Para nós, libaneses, talvez tenha chegado a hora de zerar o jogo, de olhar para dentro de si. Apontar dedos já não basta mais. Se à nossa classe política falta espírito público, este em boa medida também não se encontra presente na sociedade. Neste mês de agosto, parte da nossa elite cosmopolita que clama por mudanças no ‘sistema’ curte férias na Riviera francesa ou afins. Já nasce pensando em ir fazer a vida no exterior. “Inacreditável como vocês libaneses são capazes do melhor fora do Líbano e do pior dentro dele”. Palavras de um diplomata que serviu no país, se referindo a nossa bem-sucedida diáspora.

Nossa força – a diversidade religiosa – passou a ser a nossa fraqueza.

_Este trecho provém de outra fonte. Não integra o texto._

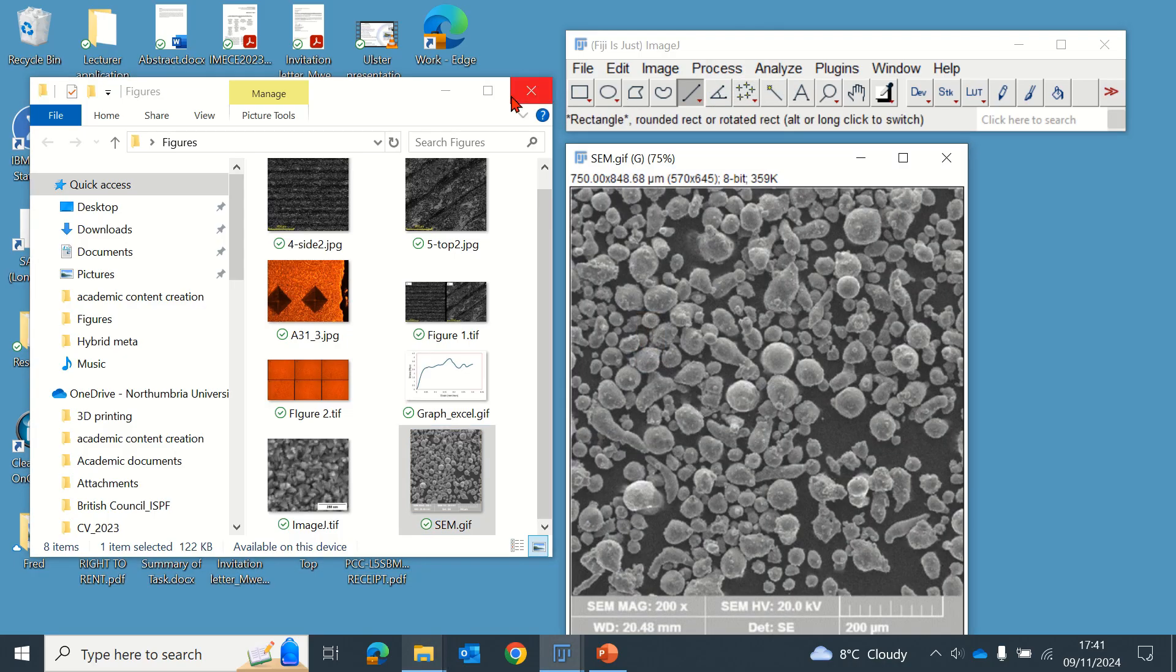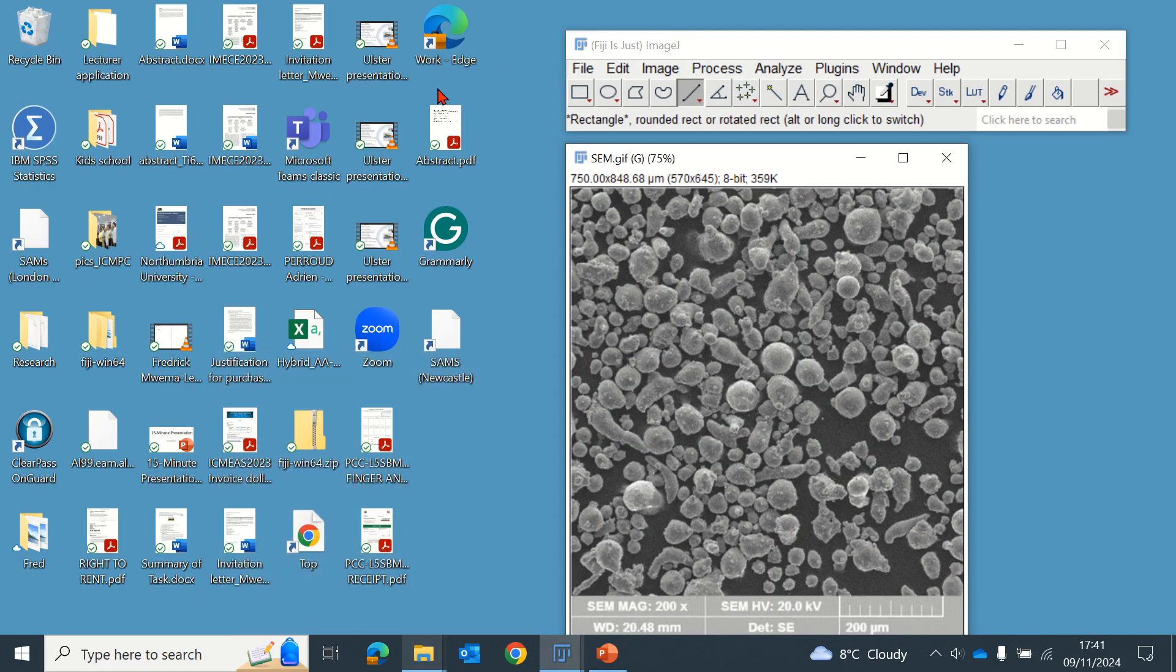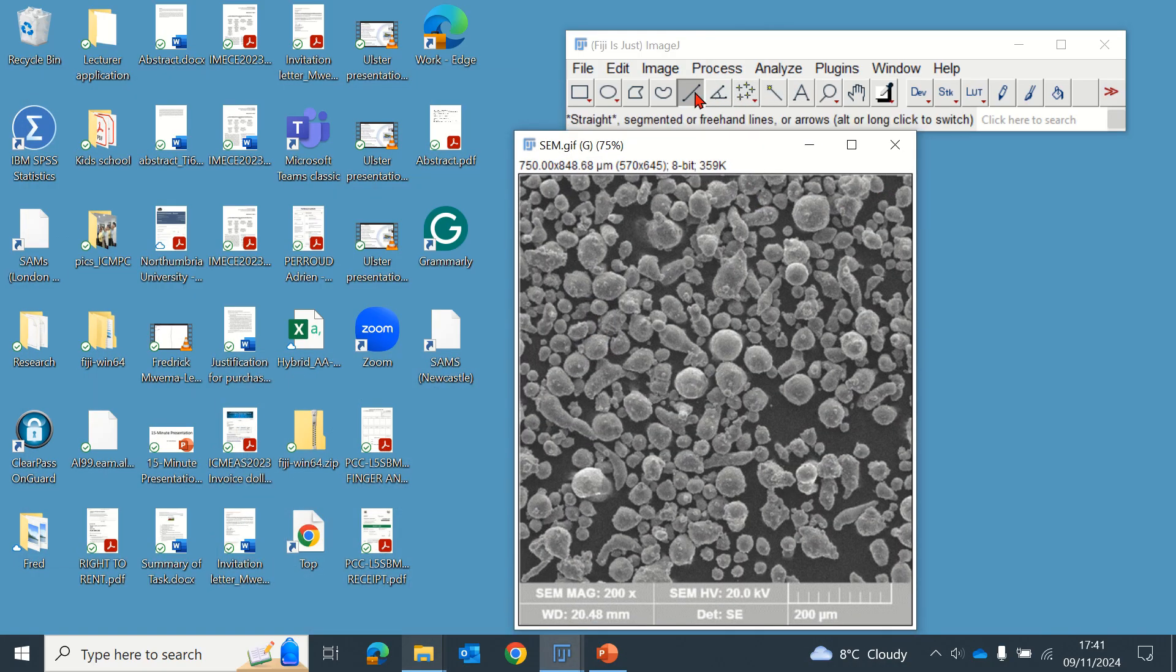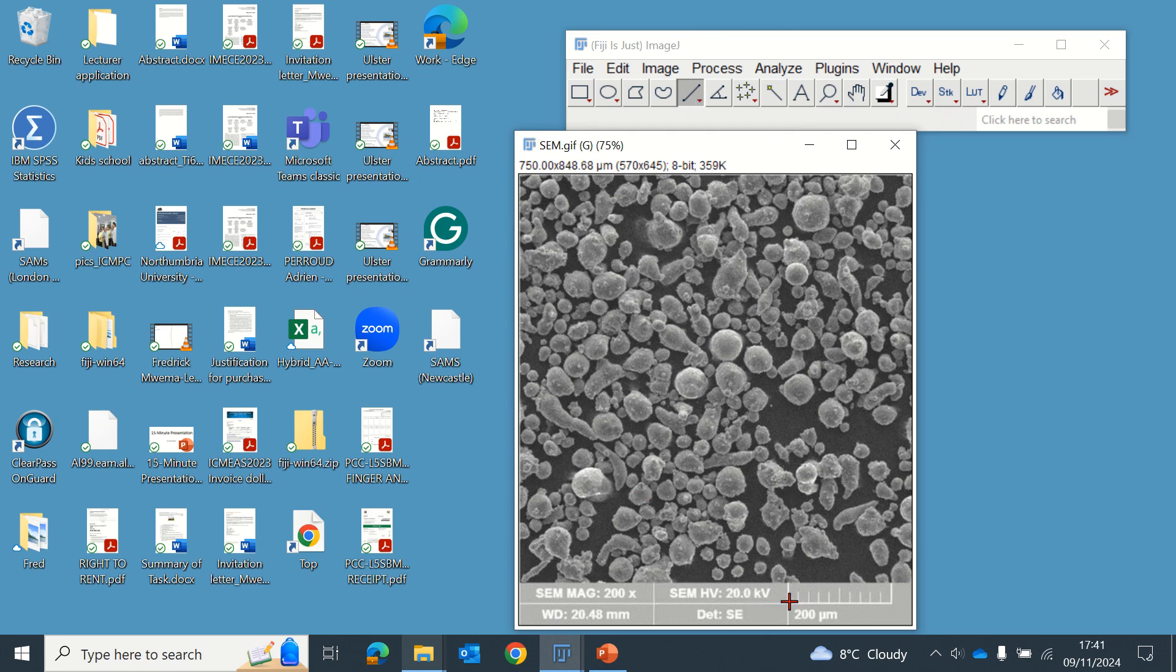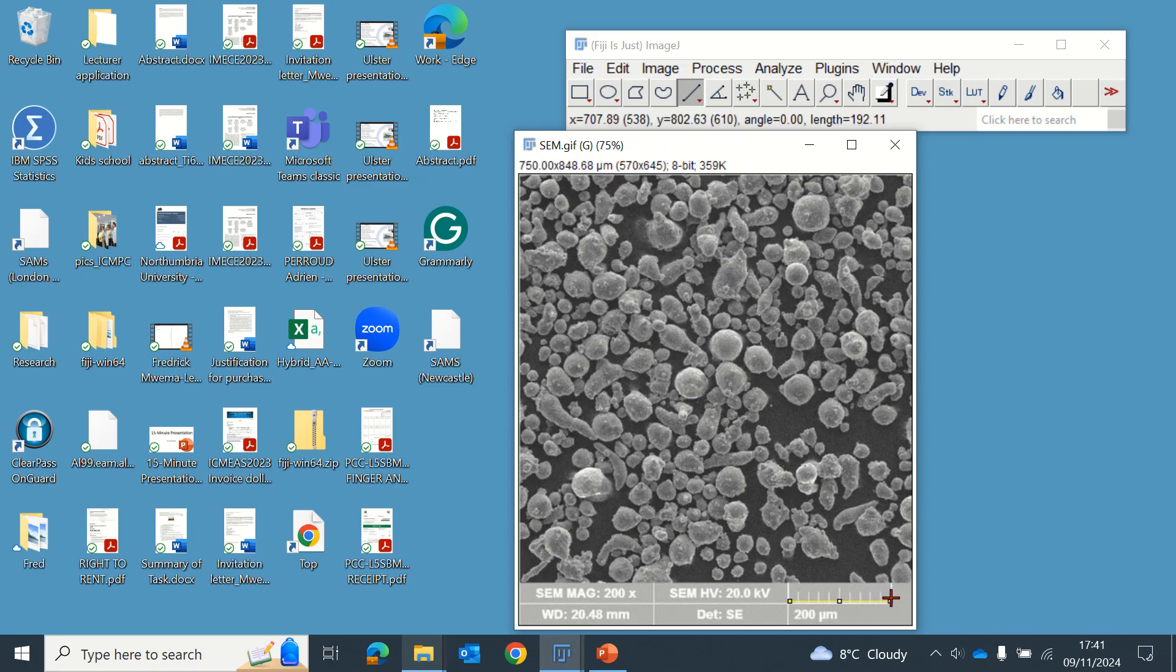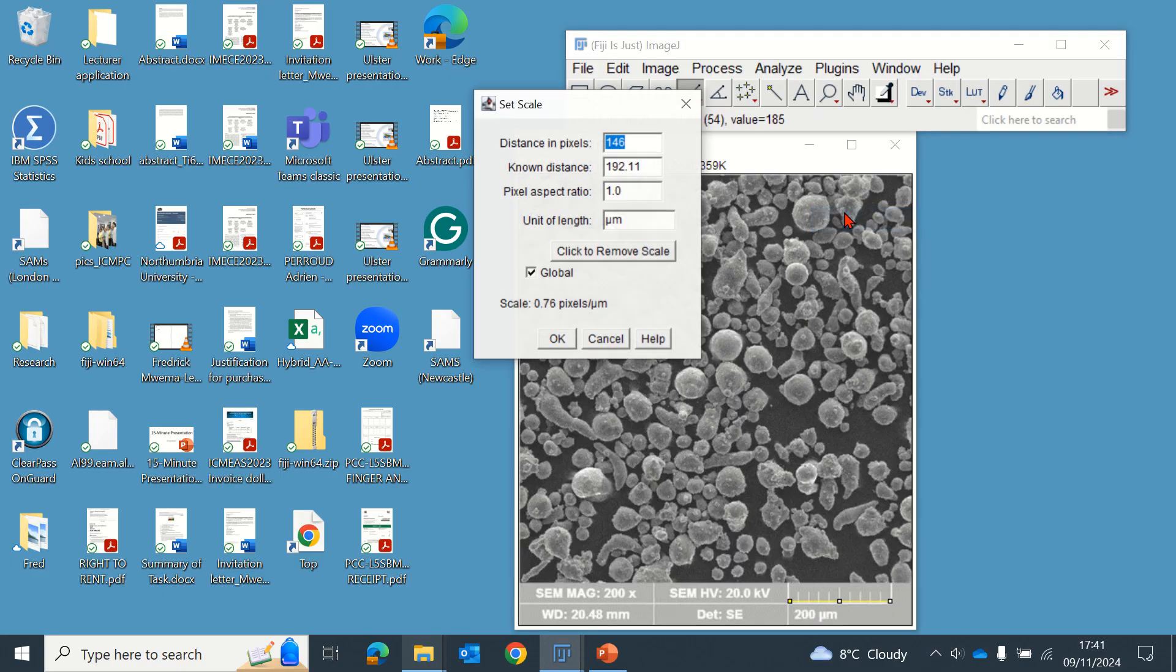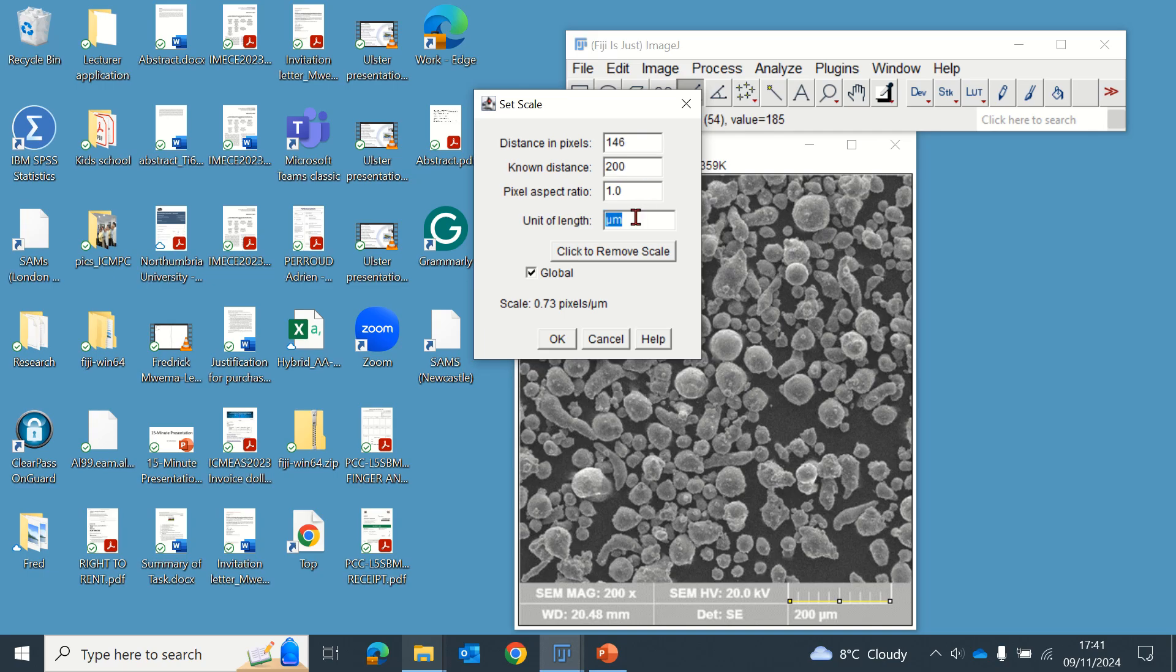The first thing you do is to set a scale. We can see the field of view for this SEM image is provided as 200 micrometers, so you set the scale. That scale is 200 micrometers, which is global so that every other image is able to take that scale.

O sistema político vigente, que divide os cargos públicos entre os diversos grupos religiosos, visava garantir representatividade. Mas foi desvirtuado. Alimentou uma sangrenta disputa de poder, bem como sectarismo, clientelismo e corrupção. As nossas rivalidades nos deixaram permeáveis às ingerências estrangeiras. A do Ocidente ou de Israel para os cristãos (ao menos durante a guerra civil), a do Irã para os muçulmanos xiitas, a da Arábia Saudita para os sunitas. Em outubro do ano passado, quando eclodiu a ‘thawra’, a revolução, muitos acreditaram numa virada. As multidões foram para as ruas com uma bandeira do Líbano, gesto altamente simbólico. O país estava deixando para trás a guerra. Pela primeira vez, as pessoas clamavam por uma identidade comum, colocavam o pertencimento ao País antes da filiação religiosa. No lugar do mosaico religioso, uma nação. O movimento foi definhando até parar, com o lockdown decretado por conta da Covid-19. Ouvi dizer que parte dos jovens ativistas já estão no estrangeiro. De novo, a emigração. “Como mudar o país se sua elite pensante nem fica nele?”, me interpelou outro dia uma conhecida. Pode ser que a indignação com mais essa humilhação dê novo fôlego à ‘thawra’. Pode ser que não. A vésperas de comemorar o centenário de sua fundação, o Líbano será uma nação em gestação? Quero acreditar.